Prompt ▸ Using the data below, copy each line that includes the word "Football".

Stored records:
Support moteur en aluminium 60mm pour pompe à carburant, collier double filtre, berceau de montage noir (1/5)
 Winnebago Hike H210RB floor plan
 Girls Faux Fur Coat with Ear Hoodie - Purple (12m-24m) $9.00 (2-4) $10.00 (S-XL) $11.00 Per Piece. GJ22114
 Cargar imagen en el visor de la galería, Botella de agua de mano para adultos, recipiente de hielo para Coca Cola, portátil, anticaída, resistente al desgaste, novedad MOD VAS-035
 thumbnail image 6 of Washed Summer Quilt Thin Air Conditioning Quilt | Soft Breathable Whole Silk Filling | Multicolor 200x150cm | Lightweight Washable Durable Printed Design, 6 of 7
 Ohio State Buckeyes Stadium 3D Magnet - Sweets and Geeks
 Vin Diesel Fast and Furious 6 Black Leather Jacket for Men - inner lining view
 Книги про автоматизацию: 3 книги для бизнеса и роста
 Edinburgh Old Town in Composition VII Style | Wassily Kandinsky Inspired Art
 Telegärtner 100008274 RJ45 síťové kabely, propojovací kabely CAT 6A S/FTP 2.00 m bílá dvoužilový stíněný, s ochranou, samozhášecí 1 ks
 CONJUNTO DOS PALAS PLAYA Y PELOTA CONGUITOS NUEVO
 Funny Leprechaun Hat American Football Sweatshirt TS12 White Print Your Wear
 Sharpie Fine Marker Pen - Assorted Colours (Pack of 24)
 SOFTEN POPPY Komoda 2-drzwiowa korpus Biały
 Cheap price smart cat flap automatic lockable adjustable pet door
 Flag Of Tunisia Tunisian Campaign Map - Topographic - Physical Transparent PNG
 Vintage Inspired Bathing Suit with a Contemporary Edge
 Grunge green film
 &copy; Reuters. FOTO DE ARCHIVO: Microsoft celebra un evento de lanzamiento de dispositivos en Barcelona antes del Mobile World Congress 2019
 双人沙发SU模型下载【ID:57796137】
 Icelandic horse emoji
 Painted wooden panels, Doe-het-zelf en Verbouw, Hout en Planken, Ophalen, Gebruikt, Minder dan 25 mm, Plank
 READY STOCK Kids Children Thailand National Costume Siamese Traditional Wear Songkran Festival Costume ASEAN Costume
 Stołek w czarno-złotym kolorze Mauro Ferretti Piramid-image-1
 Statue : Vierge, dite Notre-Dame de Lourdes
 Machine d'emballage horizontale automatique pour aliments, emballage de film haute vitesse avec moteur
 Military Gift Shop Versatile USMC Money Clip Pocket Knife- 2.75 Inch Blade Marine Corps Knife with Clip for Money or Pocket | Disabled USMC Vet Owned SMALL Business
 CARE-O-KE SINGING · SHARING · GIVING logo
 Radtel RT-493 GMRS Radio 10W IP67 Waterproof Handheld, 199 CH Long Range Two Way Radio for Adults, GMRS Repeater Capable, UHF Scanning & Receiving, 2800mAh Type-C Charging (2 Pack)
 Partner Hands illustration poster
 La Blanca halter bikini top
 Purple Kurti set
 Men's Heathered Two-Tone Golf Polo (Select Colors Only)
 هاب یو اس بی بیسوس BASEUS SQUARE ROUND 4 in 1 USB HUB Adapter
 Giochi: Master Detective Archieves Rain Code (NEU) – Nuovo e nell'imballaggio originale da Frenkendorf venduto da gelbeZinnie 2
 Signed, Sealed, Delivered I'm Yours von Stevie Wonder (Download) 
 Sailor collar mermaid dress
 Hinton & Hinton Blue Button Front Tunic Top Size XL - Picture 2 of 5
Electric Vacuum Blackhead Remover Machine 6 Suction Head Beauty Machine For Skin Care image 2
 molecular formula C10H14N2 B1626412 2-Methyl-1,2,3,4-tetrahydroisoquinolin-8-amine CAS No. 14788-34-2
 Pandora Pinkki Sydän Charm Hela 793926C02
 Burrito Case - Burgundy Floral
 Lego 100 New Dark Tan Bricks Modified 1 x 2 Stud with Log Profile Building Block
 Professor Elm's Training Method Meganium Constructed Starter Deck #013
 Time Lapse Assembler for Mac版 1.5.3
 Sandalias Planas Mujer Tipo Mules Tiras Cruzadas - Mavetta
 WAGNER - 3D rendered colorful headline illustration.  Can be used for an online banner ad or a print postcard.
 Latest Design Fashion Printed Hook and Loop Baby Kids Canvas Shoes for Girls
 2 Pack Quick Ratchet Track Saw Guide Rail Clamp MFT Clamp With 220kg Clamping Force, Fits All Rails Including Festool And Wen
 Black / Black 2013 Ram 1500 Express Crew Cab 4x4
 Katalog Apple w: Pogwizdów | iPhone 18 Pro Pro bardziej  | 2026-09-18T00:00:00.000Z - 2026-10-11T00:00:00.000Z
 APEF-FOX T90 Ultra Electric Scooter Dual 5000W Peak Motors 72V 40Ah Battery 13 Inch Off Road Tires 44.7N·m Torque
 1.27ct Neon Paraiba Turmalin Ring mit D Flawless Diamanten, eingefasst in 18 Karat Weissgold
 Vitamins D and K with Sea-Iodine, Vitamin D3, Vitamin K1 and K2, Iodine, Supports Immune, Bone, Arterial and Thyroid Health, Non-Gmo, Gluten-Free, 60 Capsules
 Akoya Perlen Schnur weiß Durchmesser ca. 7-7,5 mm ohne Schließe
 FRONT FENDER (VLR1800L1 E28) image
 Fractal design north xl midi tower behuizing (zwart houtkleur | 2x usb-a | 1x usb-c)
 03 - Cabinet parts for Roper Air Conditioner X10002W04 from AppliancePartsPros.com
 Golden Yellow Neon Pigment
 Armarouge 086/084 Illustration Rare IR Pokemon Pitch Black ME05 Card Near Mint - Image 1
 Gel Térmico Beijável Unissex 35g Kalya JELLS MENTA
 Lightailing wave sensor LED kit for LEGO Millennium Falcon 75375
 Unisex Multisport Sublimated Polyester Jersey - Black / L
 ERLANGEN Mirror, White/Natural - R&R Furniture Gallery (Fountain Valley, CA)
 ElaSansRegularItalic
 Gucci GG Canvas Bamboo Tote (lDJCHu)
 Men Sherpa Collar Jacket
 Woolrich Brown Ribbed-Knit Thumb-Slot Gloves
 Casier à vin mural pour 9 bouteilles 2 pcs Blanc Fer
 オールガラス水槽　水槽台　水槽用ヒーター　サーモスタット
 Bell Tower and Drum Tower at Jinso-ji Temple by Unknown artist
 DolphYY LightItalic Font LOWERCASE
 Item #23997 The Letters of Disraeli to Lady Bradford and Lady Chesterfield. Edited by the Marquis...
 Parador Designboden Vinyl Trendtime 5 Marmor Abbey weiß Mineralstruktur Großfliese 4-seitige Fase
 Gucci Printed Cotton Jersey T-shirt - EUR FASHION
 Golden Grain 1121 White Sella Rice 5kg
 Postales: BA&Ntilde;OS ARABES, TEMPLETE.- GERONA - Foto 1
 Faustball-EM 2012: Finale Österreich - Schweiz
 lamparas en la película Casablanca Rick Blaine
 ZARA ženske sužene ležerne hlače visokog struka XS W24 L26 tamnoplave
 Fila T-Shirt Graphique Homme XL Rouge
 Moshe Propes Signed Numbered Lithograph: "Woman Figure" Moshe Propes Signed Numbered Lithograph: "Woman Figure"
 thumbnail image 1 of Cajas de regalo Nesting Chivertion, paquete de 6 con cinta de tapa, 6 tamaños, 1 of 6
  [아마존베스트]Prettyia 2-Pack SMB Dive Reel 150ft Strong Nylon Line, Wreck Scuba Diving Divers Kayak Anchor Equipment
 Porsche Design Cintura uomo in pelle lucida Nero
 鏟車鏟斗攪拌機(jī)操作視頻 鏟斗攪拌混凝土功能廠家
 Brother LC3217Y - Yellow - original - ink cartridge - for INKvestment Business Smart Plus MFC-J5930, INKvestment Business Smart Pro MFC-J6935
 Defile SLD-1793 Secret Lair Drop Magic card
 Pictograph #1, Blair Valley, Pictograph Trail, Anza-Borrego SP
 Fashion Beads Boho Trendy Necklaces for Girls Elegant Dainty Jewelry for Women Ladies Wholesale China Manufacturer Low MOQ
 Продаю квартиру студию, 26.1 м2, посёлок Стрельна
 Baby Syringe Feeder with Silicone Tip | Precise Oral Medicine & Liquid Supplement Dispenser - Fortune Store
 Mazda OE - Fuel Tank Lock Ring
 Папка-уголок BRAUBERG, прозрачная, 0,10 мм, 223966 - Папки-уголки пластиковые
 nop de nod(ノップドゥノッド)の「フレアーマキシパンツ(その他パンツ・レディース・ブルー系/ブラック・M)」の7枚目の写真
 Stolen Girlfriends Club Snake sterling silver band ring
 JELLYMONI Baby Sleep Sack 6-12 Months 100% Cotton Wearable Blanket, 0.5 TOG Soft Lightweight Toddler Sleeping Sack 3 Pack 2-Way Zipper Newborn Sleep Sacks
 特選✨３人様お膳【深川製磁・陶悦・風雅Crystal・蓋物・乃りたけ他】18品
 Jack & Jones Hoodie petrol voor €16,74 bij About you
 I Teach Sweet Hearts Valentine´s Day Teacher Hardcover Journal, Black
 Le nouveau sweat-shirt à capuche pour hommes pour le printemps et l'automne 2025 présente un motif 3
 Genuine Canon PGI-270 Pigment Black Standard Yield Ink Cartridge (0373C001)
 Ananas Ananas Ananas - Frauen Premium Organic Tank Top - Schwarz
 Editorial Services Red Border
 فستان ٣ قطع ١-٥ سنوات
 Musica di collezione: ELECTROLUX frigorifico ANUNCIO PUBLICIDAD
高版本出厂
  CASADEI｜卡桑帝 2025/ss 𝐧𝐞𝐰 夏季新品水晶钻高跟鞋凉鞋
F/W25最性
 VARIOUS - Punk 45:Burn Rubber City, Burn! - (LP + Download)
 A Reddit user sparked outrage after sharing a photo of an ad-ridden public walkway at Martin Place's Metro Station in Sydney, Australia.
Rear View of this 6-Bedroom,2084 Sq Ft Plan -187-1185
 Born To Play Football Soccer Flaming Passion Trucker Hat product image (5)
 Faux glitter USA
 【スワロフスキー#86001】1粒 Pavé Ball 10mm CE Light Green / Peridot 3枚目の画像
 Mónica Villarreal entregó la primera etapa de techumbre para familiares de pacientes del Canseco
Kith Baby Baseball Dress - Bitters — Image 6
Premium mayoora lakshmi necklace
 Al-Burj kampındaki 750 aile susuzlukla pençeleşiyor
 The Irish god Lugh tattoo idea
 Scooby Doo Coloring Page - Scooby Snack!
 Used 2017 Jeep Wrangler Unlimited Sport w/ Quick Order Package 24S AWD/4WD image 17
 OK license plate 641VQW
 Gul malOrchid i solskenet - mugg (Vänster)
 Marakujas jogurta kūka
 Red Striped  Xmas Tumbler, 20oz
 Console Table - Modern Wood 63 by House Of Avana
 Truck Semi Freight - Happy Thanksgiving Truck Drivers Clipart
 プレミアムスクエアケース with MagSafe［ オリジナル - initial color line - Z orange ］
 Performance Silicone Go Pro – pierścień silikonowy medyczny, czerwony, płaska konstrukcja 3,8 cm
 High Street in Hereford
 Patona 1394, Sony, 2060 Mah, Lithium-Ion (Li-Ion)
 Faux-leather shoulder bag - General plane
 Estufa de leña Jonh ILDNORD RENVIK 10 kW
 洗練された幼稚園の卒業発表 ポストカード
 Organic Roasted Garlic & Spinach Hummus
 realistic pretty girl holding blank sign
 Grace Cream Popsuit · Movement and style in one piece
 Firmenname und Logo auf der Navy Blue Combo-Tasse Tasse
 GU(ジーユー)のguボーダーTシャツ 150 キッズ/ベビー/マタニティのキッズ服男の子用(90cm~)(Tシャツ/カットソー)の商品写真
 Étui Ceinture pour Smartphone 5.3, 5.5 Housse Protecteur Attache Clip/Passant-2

Solved problem ▸
 Funny Leprechaun Hat American Football Sweatshirt TS12 White Print Your Wear
 Born To Play Football Soccer Flaming Passion Trucker Hat product image (5)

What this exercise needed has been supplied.